Asked whether growth in volumes would lead to the headcount increasing again, Mr Biesterfeld said: “I do believe that the productivity gains can be sustained.”
He said the second quarter brought “unprecedented volatility”.
Mr Biesterfeld explained: “Our truckload net revenue per shipment increased substantially early in the quarter, as the cost of purchased transport fell due to soft demand. This was followed by a sharp increase in the cost as businesses reopened, demand for freight increased and the number of active carriers declined, causing a significant decrease in our net revenue per shipment.
“From a net revenue per shipment standpoint, each of these fluctuations on their own would have been the largest intra-quarter changes that we’ve experienced in over a decade.”
But there were some highlights, with NAST showing a sixth consecutive quarter in market share gain, up 4.5%, and 2% volume declines in truckload and LTL, compared with a 21% industry decline.
Air freight helped boost the Global Forwarding division by 19.5% to total revenues of $707.8m, with net revenue in air up 104%, despite a 35.5% fall in volumes. A 64.5% net revenue increase “was driven primarily by some large projects within our project logistics business”.
Ocean saw net revenue fall 7.8%, with an 8.5% fall in volumes. Customs net revenue fell 16.5% as transaction volumes fell 17%, while operating expenses fell 9.7%, as the company cut travel and staff costs, with short-term cost cuts amounting to $40m in the quarter, which is expected to rise to $80m in the full year.

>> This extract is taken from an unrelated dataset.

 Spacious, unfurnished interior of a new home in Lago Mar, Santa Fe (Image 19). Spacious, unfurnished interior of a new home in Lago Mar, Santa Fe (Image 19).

“These short-term cost controls were put in place when they were greatly needed and demonstrate our ability to flex our cost structure as our business cycles change,” said Mr Biesterfeld. “We’ve learned a lot, as we’ve managed through the pandemic, about how to be more agile, how to work and to sell differently, how to collaborate and communicate more effectively, and how to serve our customers and carriers in new ways.”
As other companies have seen, the number of B2B digital transactions, from automated truckload bookings to location updates and tenders, rose “exponentially”, with more than 1bn transactions anticipated for the full year.
M&A could still be on the cards, said Mr Zechmeister, adding: “We continue to maintain a strong pipeline of opportunities… The current environment is certainly favourable from a borrowing standpoint to the extent that financing is needed.”
Would CH Robinson look to buy a digital forwarder?
“Anecdotally, we’ve heard some stories from shippers that some of the new entrants have become less aggressive in pricing, but that’s really pretty situational, “ said Mr Biesterfeld.
“In terms of M&A, we’re always going to look at the best way to deploy our capital, [by] driving long term shareholder value through a risk-adjusted return basis. Any deal we do we expect to be accretive to EPS in the long term. And for us to consider M&A, we need to be adding either new capabilities, expanding our global footprint, making the improvements to our technology.”